此处SendPort的id便是前面通过PortMap::CreatePort()所创建的端口号。

再回到小节2.9来看看_sendPort的赋值过程。

2.11 sendPort

[-> third_party/dart/runtime/lib/isolate_patch.dart]

class _RawReceivePortImpl implements RawReceivePort {

  SendPort get sendPort {
    return _get_sendport(); //[见下文]
  }
   //[见小节2.11.1]
  _get_sendport() native "RawReceivePortImpl_get_sendport";
}

从_receivePort中获取发送端口,并保存在_sendPort变量。

2.11.1 RawReceivePortImpl_get_sendport

[-> third_party/dart/runtime/lib/isolate.cc]

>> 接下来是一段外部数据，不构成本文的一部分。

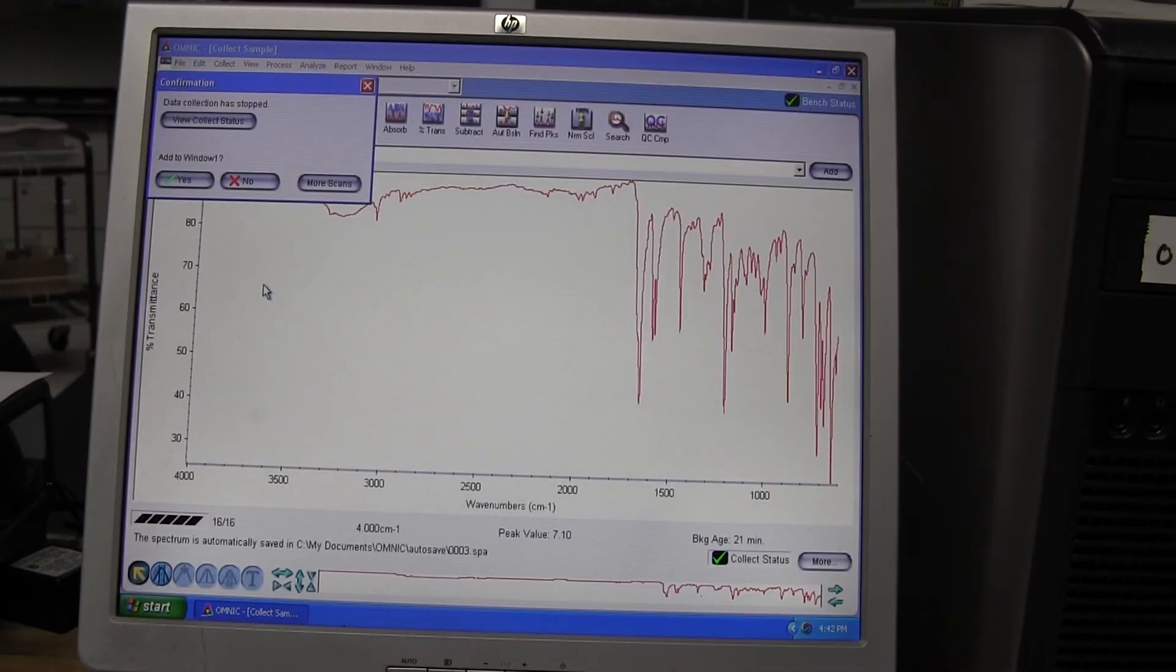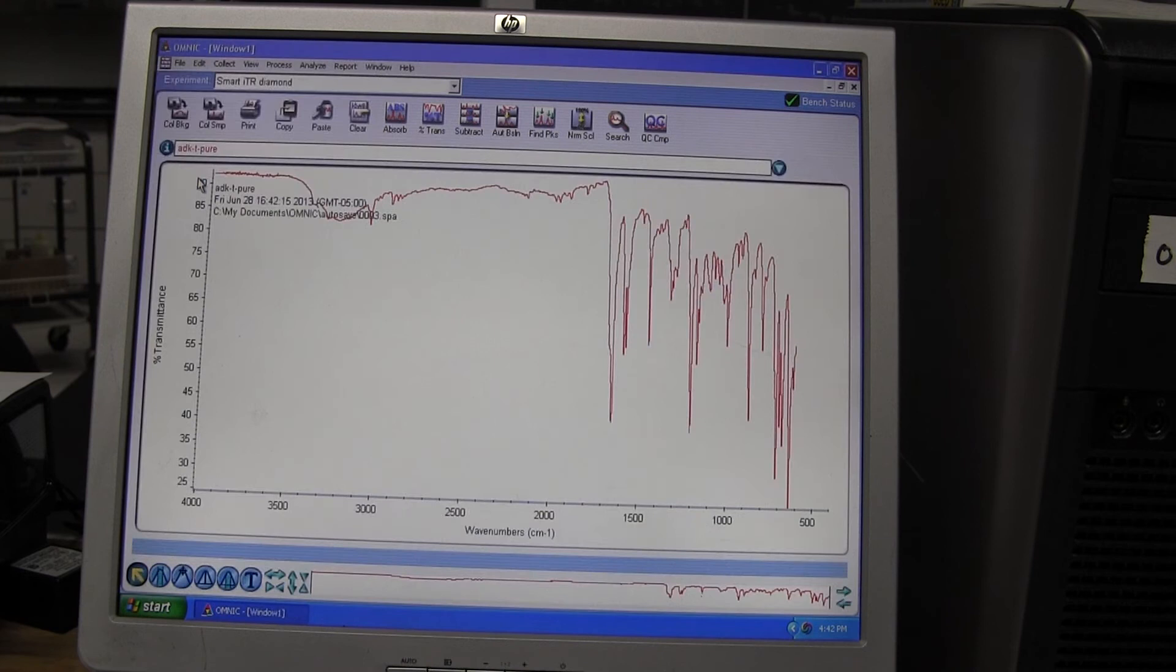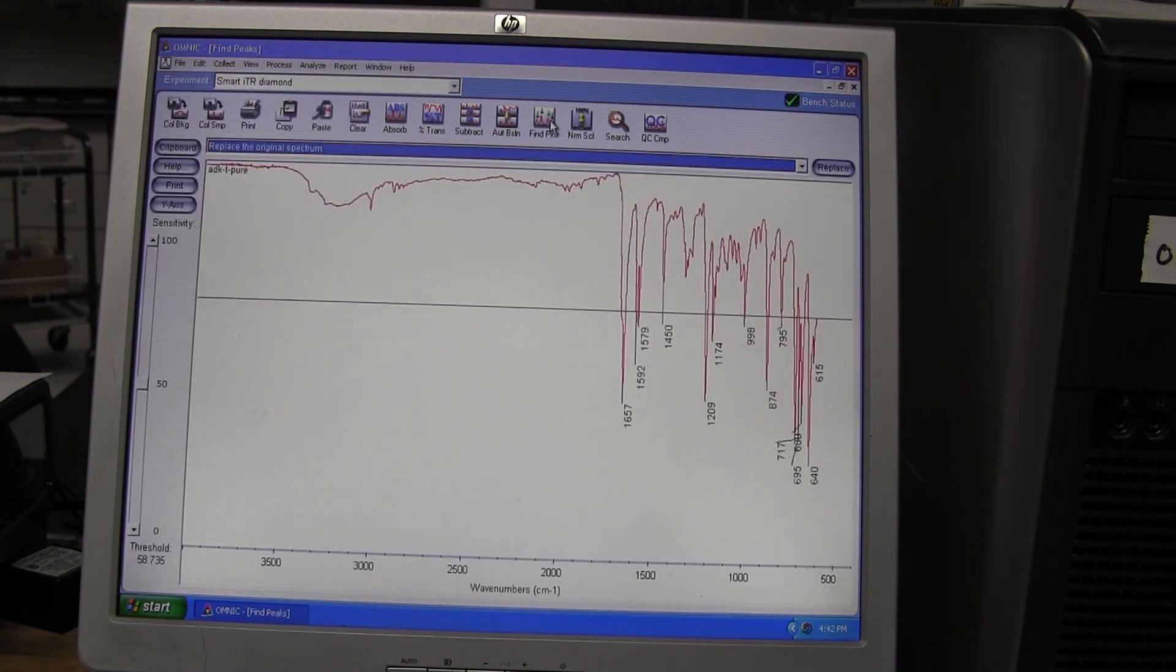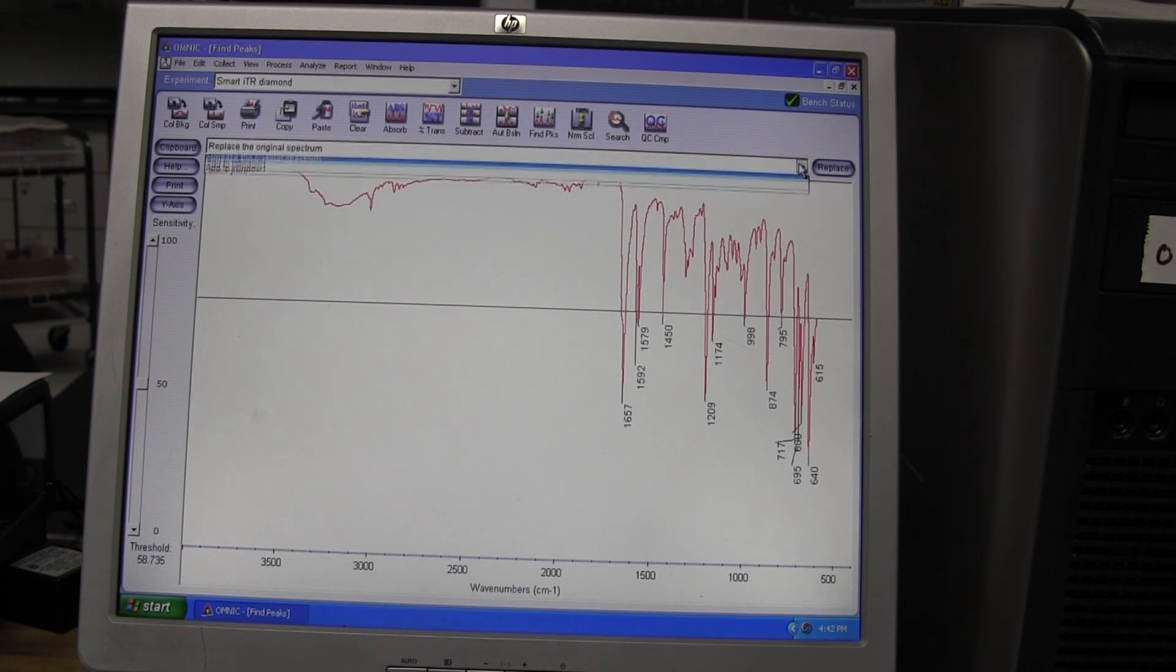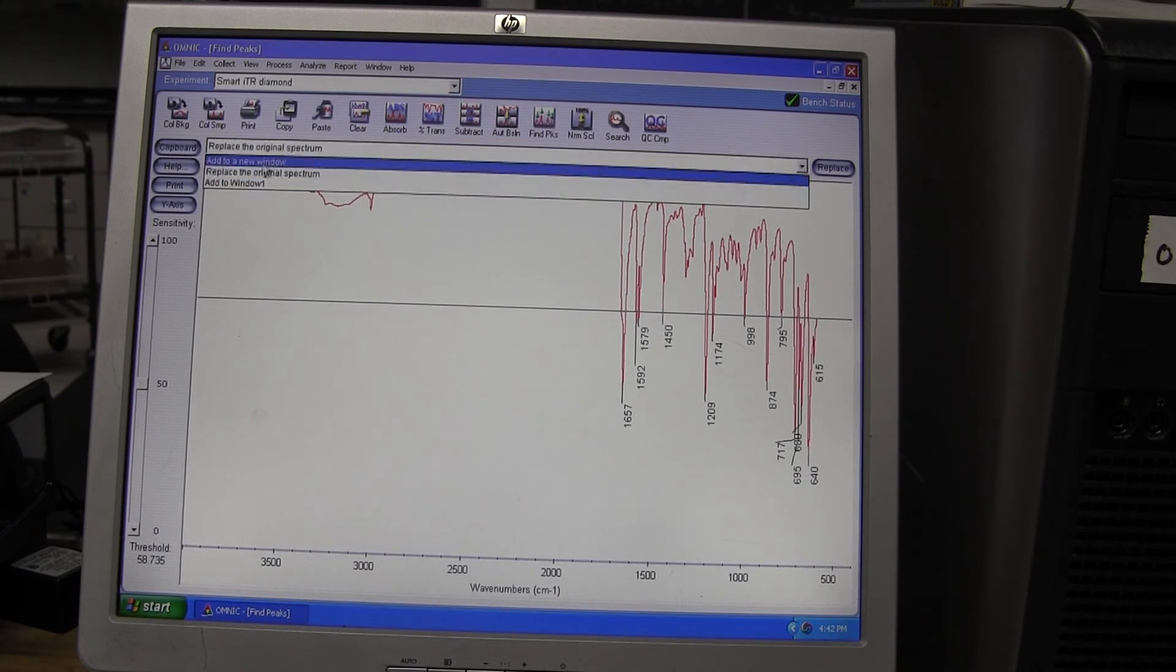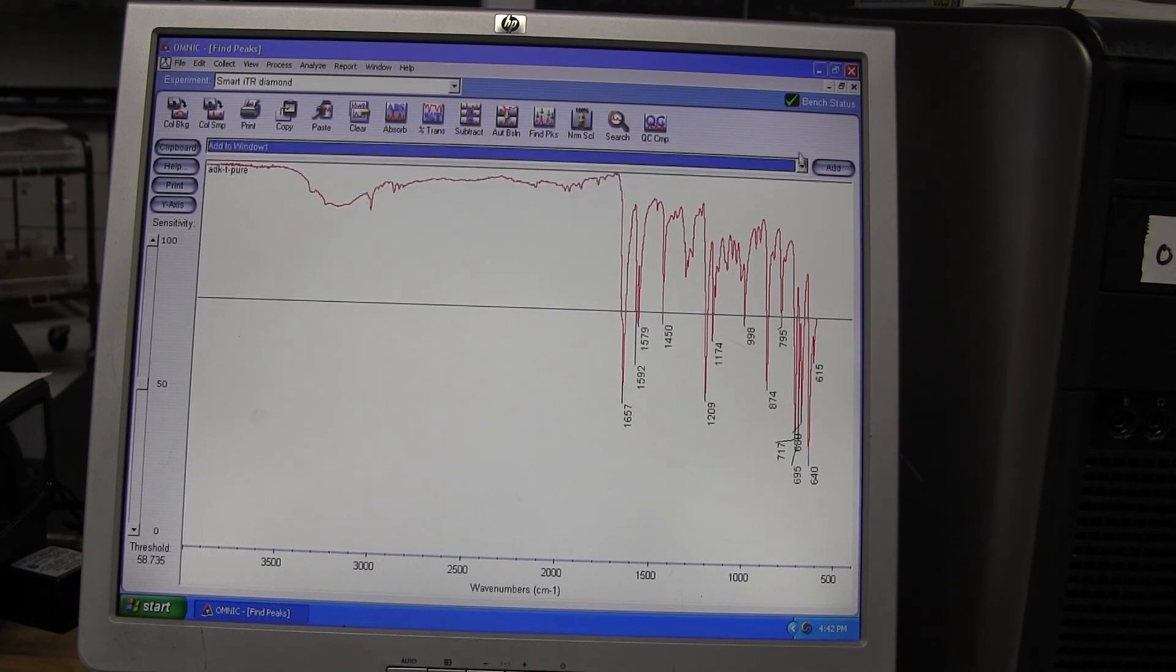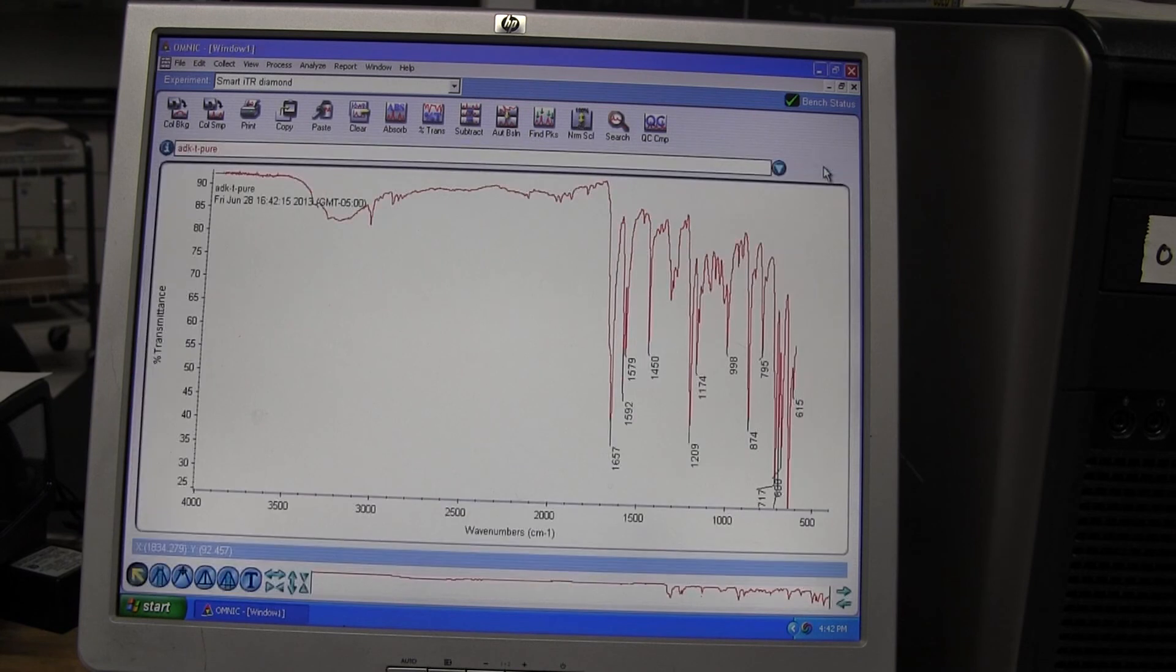A new window will inform you when the data is collected. When it asks you if you want to add your sample to a new window, click yes and take mental note of which window it will be added to. On top of the menu, choose the Find Peaks button. It is on the right-hand side.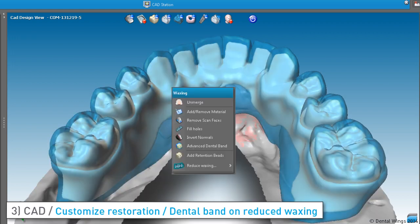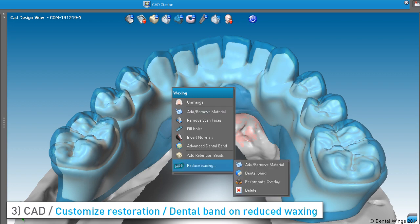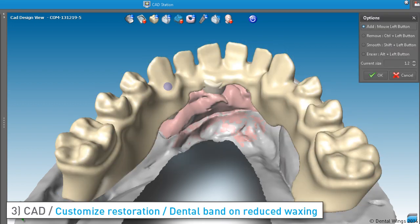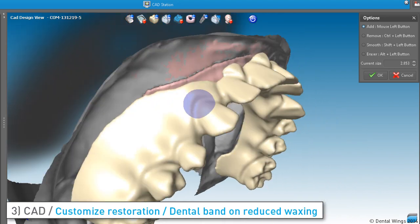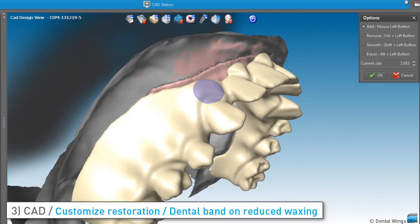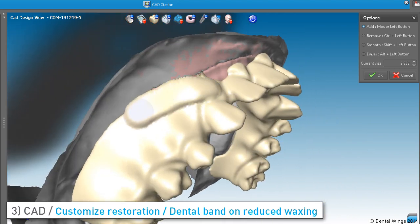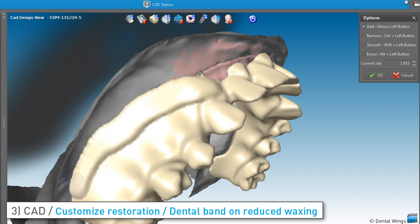Here are a few examples of what you can do with a reduced waxing: create a dental band, which adds the required thickness of material to project the overlay onto the anatomy. You can also add retention beads.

DEFINE_NATIVE_ENTRY(RawReceivePortImpl_get_sendport, 0, 1) {
  GET_NON_NULL_NATIVE_ARGUMENT(ReceivePort, port, arguments->NativeArgAt(0));
  return port.send_port();
}

2.11.2 ReceivePort.send_port

[-> third_party/dart/runtime/vm/object.h]

class ReceivePort : public Instance {
 public:
  RawSendPort* send_port() const { return raw_ptr()->send_port_; }
  ...

 private:
  FINAL_HEAP_OBJECT_IMPLEMENTATION(ReceivePort, Instance);
};

再来看看SendPort方法所所对应的类,过程如下:

[third_party/dart/runtime/vm/object.cc]

RawError* Object::Init(Isolate* isolate,
                       const uint8_t* kernel_buffer,
                       intptr_t kernel_buffer_size) {
    ...
    Library& isolate_lib = Library::Handle(zone, Library::LookupLibrary(thread, Symbols::DartIsolate()));
    cls = Class::New<ReceivePort>();
    RegisterPrivateClass(cls, Symbols::_RawReceivePortImpl(), isolate_lib);
    pending_classes.Add(cls);

    cls = Class::New<SendPort>();
    RegisterPrivateClass(cls, Symbols::_SendPortImpl(), isolate_lib);
    pending_classes.Add(cls);
   ...
}

说明:

  • C++层的ReceivePort类对应于 Dart层中DartIsolate库里的_RawReceivePortImpl类;
  • C++层的SendPort类对应于 Dart层中DartIsolate库里的_SendPortImpl类;

可见,[小节2.8]的_Timer._notifyZeroHandler()过程会创建_RawReceivePortImpl类型的_receivePort和_SendPortImpl类型的_sendPort,然后再通过send()发送_ZERO_EVENT消息。

三、任务发送

[小节2.8]的_Timer._notifyZeroHandler()执行完创建TimerHandler,然后开始发送消息。

3.1 _SendPortImpl.send

[-> third_party/dart/runtime/lib/isolate_patch.dart]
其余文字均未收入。